Jeudi 19 juin
Un atelier à Bordeaux pour aider à la protection des pollinisateurs 🐝
Rédigé par Camille Gho
L’abeille domestique est la plus connue des insectes pollinisateurs (crédit : Adobe Stock).
Ce soir, au Jardin des lumières, à proximité du miroir d'eau, ce qui semble être un simple atelier cache en réalité une initiation à un protocole scientifique primordial.
La toile de fond
- Le Suivi Photographique des Insectes Pollinisateurs (Spipoll) est un projet national de sciences participatives. Il se développe à Bordeaux depuis 2022 dans le cadre d’un partenariat entre la Métropole et les acteurs de la recherche, tels que l’INRAE.
- « On constate un déclin massif des insectes pollinisateurs partout, malgré leur rôle primordial », nous explique Frédéric Revers, chercheur à l’INRAE.

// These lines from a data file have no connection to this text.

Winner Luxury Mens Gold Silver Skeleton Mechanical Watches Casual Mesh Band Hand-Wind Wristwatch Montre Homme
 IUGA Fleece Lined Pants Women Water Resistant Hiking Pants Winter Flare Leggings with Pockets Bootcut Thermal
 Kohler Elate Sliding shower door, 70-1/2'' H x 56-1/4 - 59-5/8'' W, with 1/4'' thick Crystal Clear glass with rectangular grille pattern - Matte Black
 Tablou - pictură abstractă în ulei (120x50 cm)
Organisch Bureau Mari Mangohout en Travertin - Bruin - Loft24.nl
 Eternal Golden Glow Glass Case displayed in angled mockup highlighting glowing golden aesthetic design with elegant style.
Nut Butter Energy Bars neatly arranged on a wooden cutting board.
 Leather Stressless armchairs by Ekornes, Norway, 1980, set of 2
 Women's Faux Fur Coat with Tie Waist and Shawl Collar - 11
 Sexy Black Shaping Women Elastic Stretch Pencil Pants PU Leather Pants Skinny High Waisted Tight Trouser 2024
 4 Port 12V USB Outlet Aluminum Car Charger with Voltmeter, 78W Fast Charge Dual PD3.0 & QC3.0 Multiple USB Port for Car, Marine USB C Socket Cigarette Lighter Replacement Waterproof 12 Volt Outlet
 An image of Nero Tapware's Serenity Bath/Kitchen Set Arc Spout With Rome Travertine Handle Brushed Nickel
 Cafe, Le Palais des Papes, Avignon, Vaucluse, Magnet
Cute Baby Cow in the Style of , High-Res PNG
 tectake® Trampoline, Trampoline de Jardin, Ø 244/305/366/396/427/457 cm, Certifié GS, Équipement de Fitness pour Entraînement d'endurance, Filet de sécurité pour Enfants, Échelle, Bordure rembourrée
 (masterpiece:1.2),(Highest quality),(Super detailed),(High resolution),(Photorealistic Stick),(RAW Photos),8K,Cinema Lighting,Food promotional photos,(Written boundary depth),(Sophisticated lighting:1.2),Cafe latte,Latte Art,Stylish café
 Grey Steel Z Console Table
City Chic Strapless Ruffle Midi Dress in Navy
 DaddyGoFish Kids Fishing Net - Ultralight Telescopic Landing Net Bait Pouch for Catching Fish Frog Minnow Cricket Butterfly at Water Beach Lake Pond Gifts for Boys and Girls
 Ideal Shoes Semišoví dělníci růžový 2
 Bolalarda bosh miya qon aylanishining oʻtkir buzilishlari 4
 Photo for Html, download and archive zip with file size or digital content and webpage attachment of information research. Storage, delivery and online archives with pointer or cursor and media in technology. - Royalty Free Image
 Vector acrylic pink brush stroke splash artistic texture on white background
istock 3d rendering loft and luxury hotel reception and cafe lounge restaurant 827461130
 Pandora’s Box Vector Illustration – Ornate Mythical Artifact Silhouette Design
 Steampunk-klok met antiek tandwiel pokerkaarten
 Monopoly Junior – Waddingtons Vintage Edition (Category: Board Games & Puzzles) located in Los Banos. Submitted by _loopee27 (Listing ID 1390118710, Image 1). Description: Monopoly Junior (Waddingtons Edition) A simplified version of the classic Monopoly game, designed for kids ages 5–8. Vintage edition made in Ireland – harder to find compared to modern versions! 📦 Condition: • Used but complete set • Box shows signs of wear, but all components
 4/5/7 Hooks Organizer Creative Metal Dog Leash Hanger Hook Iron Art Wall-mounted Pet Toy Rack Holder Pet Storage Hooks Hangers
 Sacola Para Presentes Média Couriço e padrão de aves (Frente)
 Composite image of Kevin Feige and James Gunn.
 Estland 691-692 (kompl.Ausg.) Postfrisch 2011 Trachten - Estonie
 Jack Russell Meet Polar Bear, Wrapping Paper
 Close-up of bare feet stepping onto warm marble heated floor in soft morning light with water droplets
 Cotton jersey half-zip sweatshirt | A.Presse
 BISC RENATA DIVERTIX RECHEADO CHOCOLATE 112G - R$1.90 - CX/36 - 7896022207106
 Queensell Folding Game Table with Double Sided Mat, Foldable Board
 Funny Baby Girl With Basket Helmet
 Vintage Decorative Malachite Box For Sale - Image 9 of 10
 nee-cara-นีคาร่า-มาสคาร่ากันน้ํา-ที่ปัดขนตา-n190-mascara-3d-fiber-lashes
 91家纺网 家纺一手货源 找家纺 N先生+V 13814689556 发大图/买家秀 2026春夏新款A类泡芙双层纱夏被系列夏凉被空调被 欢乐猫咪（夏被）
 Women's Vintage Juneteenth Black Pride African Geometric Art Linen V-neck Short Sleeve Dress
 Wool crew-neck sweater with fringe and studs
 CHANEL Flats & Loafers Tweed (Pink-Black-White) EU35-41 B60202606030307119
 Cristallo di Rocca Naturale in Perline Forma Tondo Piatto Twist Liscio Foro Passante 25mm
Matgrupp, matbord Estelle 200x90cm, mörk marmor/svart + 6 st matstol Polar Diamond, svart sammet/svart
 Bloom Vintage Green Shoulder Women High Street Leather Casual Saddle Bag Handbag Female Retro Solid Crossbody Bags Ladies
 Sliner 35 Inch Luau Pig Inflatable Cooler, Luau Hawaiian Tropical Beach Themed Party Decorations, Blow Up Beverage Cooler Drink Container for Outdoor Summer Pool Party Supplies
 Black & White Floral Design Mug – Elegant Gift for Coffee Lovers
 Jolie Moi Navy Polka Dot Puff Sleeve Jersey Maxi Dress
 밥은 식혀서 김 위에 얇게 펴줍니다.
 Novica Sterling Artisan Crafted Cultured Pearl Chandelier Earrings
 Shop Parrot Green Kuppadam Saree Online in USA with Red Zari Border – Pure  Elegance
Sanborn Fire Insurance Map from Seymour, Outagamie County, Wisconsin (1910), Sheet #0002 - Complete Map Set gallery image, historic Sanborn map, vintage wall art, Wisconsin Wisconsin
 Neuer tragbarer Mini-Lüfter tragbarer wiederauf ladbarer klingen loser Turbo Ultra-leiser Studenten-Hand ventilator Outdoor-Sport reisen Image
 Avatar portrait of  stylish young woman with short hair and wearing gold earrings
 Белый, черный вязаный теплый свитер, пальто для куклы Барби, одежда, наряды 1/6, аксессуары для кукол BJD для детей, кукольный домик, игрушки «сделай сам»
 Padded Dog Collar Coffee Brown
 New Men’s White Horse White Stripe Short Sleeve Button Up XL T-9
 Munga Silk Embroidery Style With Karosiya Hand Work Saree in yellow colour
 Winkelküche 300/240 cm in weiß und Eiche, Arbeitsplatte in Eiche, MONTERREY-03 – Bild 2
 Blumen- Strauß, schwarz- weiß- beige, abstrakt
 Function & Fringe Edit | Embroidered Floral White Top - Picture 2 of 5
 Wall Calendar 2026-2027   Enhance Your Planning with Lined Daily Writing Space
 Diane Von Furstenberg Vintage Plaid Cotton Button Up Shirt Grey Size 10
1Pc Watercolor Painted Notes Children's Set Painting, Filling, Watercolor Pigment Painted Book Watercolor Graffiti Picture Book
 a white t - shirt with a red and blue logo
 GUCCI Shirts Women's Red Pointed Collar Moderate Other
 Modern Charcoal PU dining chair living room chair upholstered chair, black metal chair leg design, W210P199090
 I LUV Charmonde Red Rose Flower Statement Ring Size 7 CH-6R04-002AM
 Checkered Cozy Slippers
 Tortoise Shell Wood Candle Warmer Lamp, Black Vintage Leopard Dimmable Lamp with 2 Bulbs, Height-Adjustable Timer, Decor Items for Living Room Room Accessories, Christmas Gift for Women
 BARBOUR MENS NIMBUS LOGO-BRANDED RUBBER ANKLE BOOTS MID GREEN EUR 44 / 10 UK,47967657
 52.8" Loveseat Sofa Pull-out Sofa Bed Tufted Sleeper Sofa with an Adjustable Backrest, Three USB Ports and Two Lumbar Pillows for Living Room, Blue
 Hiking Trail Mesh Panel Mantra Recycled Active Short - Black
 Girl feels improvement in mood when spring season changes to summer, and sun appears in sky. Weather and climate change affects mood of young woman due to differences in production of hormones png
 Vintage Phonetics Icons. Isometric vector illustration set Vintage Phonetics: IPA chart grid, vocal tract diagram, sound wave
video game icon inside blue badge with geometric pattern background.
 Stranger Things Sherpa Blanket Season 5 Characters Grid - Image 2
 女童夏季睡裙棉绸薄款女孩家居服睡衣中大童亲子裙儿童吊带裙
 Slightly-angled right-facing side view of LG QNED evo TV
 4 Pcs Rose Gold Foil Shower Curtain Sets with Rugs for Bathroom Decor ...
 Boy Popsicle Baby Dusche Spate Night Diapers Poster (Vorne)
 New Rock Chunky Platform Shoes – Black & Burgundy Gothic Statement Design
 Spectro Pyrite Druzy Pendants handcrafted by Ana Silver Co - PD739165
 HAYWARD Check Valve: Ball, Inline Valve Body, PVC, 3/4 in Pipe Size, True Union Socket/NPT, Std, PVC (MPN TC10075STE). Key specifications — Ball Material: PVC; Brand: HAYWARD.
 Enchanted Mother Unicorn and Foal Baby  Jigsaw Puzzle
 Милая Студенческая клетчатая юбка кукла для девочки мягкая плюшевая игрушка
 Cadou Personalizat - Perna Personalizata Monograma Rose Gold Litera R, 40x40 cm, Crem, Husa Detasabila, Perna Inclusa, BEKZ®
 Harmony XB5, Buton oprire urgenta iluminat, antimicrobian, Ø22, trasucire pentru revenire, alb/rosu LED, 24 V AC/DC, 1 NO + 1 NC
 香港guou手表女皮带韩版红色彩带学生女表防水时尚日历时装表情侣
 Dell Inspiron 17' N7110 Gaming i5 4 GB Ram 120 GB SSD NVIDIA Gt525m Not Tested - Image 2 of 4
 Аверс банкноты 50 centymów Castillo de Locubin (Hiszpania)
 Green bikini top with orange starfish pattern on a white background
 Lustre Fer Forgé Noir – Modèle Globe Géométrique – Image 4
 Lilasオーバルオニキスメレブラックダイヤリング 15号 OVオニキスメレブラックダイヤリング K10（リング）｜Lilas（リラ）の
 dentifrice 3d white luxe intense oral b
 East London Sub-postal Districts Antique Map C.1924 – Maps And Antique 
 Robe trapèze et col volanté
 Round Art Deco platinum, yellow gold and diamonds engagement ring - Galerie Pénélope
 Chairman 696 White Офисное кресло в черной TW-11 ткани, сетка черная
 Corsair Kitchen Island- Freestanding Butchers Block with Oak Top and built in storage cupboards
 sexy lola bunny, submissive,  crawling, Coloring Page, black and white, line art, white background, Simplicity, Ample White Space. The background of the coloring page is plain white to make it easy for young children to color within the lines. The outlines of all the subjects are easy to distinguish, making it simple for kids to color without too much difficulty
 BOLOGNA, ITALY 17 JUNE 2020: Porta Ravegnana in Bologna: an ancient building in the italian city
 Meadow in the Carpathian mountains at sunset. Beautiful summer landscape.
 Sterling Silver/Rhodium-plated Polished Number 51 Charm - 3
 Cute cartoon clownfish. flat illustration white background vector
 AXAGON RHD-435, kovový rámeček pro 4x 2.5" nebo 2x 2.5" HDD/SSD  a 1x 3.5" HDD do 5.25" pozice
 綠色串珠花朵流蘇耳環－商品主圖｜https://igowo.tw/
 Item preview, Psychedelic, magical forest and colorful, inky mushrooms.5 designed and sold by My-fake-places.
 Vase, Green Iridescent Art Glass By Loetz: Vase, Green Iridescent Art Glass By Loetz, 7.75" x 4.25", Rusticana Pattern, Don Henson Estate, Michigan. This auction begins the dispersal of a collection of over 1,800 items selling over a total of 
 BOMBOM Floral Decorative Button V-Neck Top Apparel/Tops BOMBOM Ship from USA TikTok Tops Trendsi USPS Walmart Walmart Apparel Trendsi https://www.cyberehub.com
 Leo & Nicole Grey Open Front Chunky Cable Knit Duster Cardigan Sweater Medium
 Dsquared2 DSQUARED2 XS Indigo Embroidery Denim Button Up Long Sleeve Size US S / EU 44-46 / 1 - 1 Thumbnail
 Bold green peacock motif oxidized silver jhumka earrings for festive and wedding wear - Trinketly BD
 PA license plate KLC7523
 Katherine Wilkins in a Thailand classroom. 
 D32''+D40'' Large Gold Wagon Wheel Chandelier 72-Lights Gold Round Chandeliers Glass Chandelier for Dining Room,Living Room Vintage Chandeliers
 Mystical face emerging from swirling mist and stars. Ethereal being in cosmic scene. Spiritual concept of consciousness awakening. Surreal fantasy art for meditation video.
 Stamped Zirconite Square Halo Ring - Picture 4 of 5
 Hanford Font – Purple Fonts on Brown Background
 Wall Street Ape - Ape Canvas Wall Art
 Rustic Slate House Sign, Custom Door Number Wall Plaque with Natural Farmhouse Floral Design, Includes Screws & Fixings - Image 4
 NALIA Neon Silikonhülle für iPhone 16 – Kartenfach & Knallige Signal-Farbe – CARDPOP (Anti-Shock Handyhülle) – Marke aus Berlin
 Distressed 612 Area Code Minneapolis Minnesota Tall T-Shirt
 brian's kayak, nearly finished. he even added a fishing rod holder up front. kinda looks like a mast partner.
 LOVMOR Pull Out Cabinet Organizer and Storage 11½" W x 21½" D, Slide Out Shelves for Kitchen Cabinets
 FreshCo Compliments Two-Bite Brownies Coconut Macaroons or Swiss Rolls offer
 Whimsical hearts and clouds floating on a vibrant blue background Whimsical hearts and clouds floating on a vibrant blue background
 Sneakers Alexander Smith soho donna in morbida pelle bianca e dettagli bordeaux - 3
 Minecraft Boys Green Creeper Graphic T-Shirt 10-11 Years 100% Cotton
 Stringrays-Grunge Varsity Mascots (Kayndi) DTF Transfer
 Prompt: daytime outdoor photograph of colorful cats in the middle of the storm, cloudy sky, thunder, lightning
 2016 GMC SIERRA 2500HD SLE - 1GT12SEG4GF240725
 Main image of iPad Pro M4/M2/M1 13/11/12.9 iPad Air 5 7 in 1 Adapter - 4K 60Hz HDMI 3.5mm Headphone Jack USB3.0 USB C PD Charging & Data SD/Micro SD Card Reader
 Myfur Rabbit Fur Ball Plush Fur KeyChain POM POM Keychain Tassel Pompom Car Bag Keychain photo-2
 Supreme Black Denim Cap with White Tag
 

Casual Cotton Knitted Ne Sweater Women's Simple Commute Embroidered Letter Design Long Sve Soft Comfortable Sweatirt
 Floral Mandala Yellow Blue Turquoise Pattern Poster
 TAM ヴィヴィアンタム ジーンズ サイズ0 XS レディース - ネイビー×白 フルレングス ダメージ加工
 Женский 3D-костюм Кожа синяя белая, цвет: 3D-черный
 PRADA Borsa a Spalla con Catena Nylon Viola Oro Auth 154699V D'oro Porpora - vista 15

- L’objectif ? Mettre en place des stratégies pour mieux les préserver et donc des projets scientifiques pour mieux les connaître et proposer des solutions aux décideurs.
- À Bordeaux, plus de 60 personnes alimentent cette base de données photographiques recensant les insectes pollinisateurs.
- « On a surtout des données sur le quart sud-est de la ville, mais on aimerait en avoir un peu plus. On devrait pouvoir commencer à traiter tout ça en septembre. »
Au programme
- Le Spipoll s’associe à la Maison écocitoyenne pour proposer un atelier-balade à la rencontre de ces insectes, aujourd'hui à 18h.
- Le rendez-vous est donné au jardin des Lumières. Frédéric Revers commencera par une courte présentation du projet. Les participants pourront ensuite depuis leur smartphone être initiés et participer au protocole.
- L'accès est gratuit. Les inscriptions se font en ligne ou par téléphone au 05 24 57 65 20.
Des chiffres
- 35 % de la production alimentaire mondiale dépend des insectes pollinisateurs. Sans eux, 75 % des cultures perdraient en rendement. Plus de 4 000 variétés de fruits et légumes cultivés en Europe reposent sur eux.
- Le taux de mortalité des colonies d’abeilles domestiques en France est estimé entre 20 et 30 % par an, soit 2 fois plus que la mortalité naturelle. Cette tendance est notamment due à leur exposition aux pesticides et aux effets du changement climatique.
- Si les abeilles venaient à s'éteindre, le coût estimé de cette perte pour la France serait de 2,9 Mds €.